Le mur du silence légal est très difficile à abattre.

L’animateur de l’émission Au jour le jour Normand Harvey reçoit, le 9 décembre 1982, Reine Landry. L’invitée dirige l’Agence de recherche pour enfants abandonnés ou adoptés (AREA) à Montréal.

Reine Landry s’efforce de trouver son fils de 17 ans. Elle se contient en entrevue avec Normand Harvey, mais n’est pas très contente de la situation.

À l’époque, le département des services sociaux de la région de Montréal avait mis sur pied un projet pilote innovant. À la suite d’une requête d’accès à l’information de la part d’un enfant adopté, on sollicitait les parents naturels pour favoriser les rencontres.

Mais le 11 juin 1982, le gouvernement du Québec promulgue une loi réformant le droit de la famille, la loi 18. Reine Landry s’en désole.

Non seulement la loi 18 maintient la notion de confidentialité que Reine Landry aurait voulu voir abolie, mais la loi contient également un important recul.

Plus particulièrement, elle interdit la sollicitation auprès des parents naturels. Cette disposition invalide le projet pilote du département des services sociaux de Montréal.

On a fait des visites chez les députés, les ministres pour les sensibiliser. Mais ce problème-là, il n’est pas connu jusqu’à maintenant. […] Les mères n’en ont pas parlé. Même les adoptés en parlaient très peu. Alors, il faut mettre ce problème-là sur la place publique pour amener les gens à appuyer nos revendications qui sont de faire reconnaître le droit aux origines […]

Reine Landry

Les pressions sur Québec ne donnent rien. Par contre, il y a du mouvement ailleurs au Canada.

En Colombie-Britannique, comme nous le raconte le journaliste Benoît Giasson dans un reportage présenté au Téléjournal le 4 novembre 1996, le gouvernement néo-démocrate entérine une loi qui autorise la divulgation d’information dans les dossiers d’adoption.

Le jour de la mise en place du programme, les gens aux quatre coins de la province se pressent pour entamer la procédure de renseignement.

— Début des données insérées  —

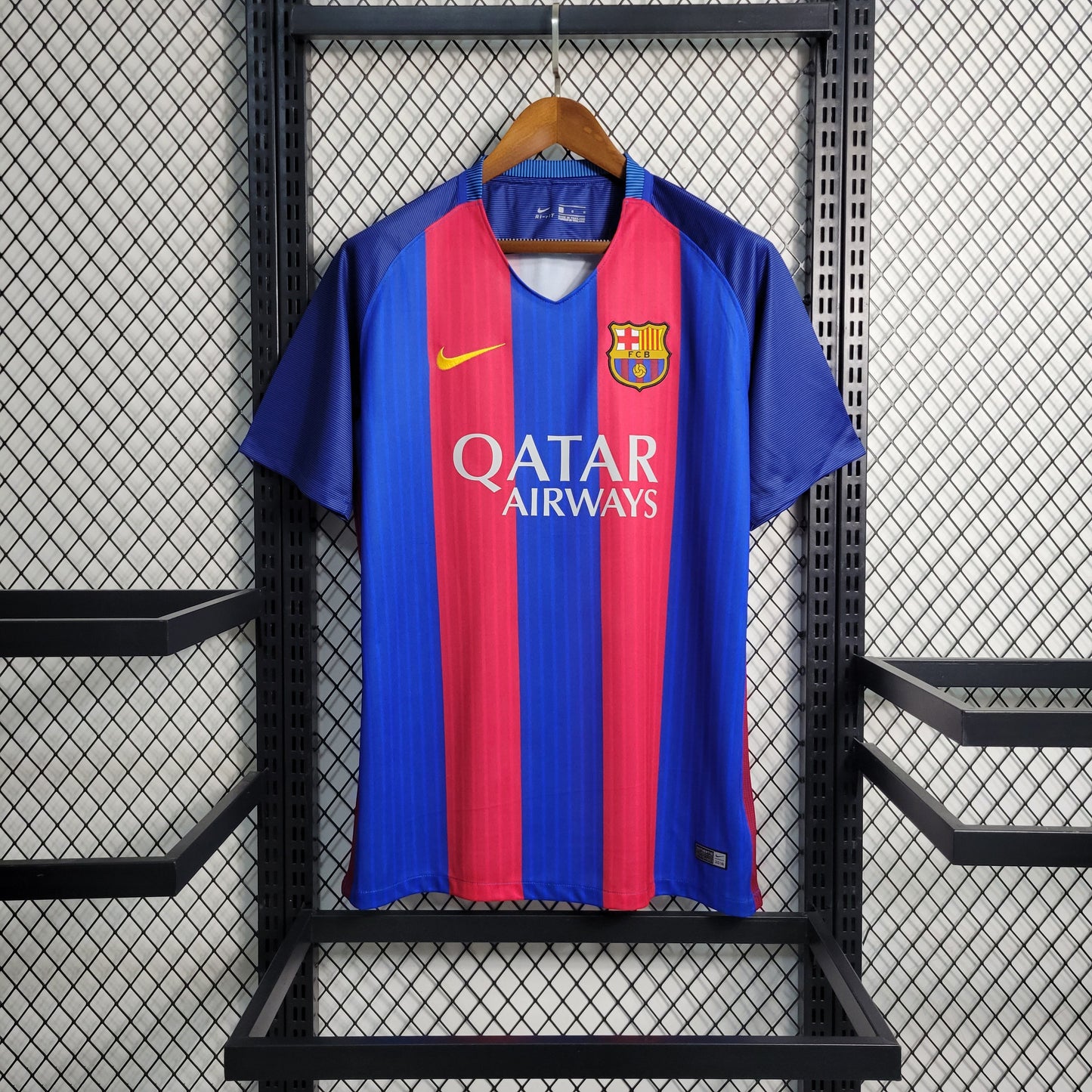 FC Barcelona Neymar Jr 11 Home Retro Soccer Jersey 2016-2017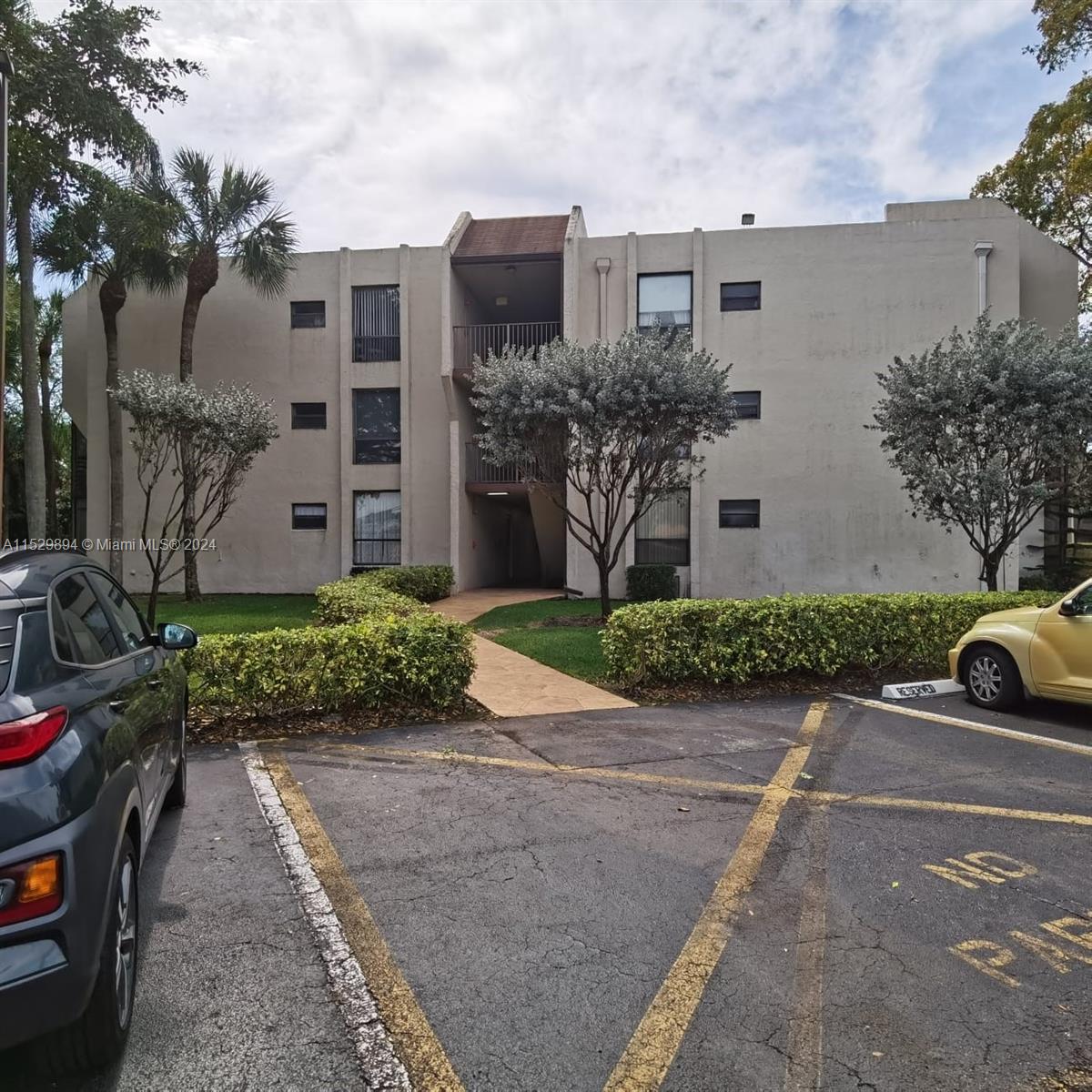 8050 W Mcnab Rd 323, Tamarac, Florida 33321, 2 Bedrooms Bedrooms, ,2 BathroomsBathrooms,Residential,For Sale,8050 W Mcnab Rd 323,A11529894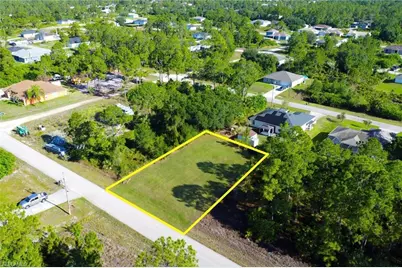 1131 E Craft St, Lehigh Acres, FL 33936 - Photo 1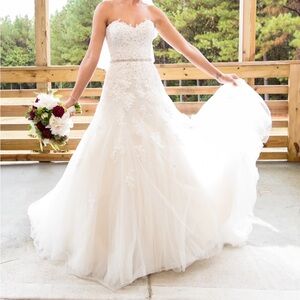Sophia Tolli Cream Lace Wedding Dress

Au Québec, pendant ce temps, devant le mur créé par les instances gouvernementales, c’est la société civile qui met en place des mécanismes parallèles favorisant les retrouvailles filiales.

En 1983, Reine Landry fonde le Mouvement Retrouvailles. Son action fait en sorte que des centaines d’enfants adoptés et de parents naturels renouent les liens brisés.

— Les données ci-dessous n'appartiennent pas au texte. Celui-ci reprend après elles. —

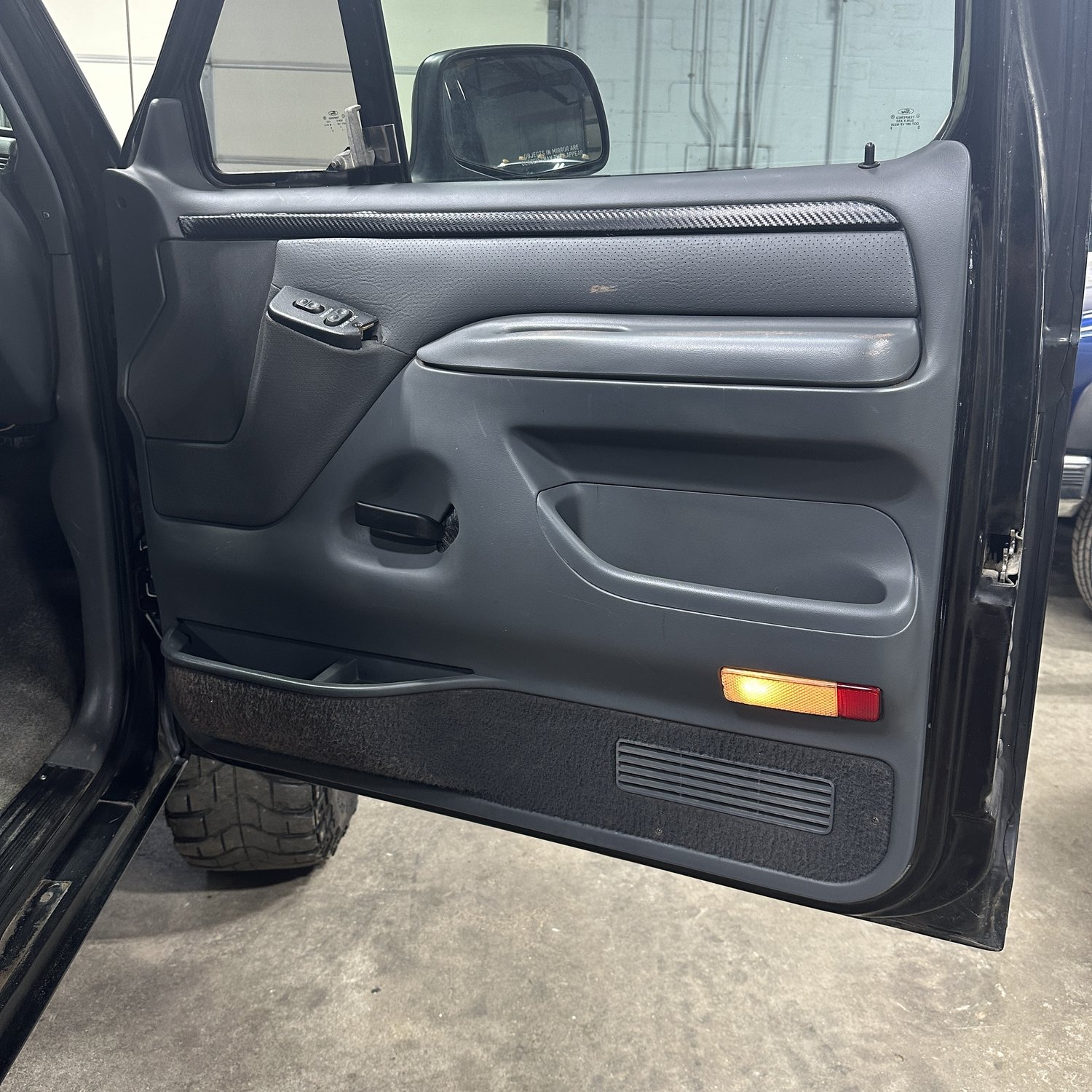 1995-ford-bronco-xlt-for-sale-elkhart-in-19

C’est le cas de Léona Gignac-Marchand qui retrouve sa fille, Marie-Gracieuse, après 35 ans de recherches infructueuses. Cette rencontre émouvante des deux femmes fait l’objet d’un reportage de la journaliste Louise Beaudoin présenté au bulletin de nouvelles Ce soir le 9 février 1983.

 C’est la plus belle récompense de ma vie. Ça ne se peut pas!

Le Québec est une des dernières provinces canadiennes à ouvrir les archives de l’adoption.

Pour ceux et celles qui voudraient entreprendre une démarche d’accès à l’information, le gouvernement du Québec a mis sur pied une équipe, ainsi qu’une ligne téléphonique sans frais, pour aider les gens dans leurs démarches.

Le numéro à composer est le 1 888 441-7889. Beaucoup de gens appellent à ce numéro.

2 commentaires sur « Briser les chaînons manquants de l’adoption »

    1. Ces scandales, ces sombres pages de l’histoire, et la mainmise du clergé ont contribué à la non-reconnaissance des torts causés aux adoptés, non-adoptés, parents et enfants de Duplessis. Alors le Québec n’était pas pressé de lever le voile sur la confidentialité de la loi de l’adoption, je dirais qu’ainsi on empêchait de réécrire ce sombre passé,au grand jour permettant ainsi à l’ensemble de la population de le connaitre…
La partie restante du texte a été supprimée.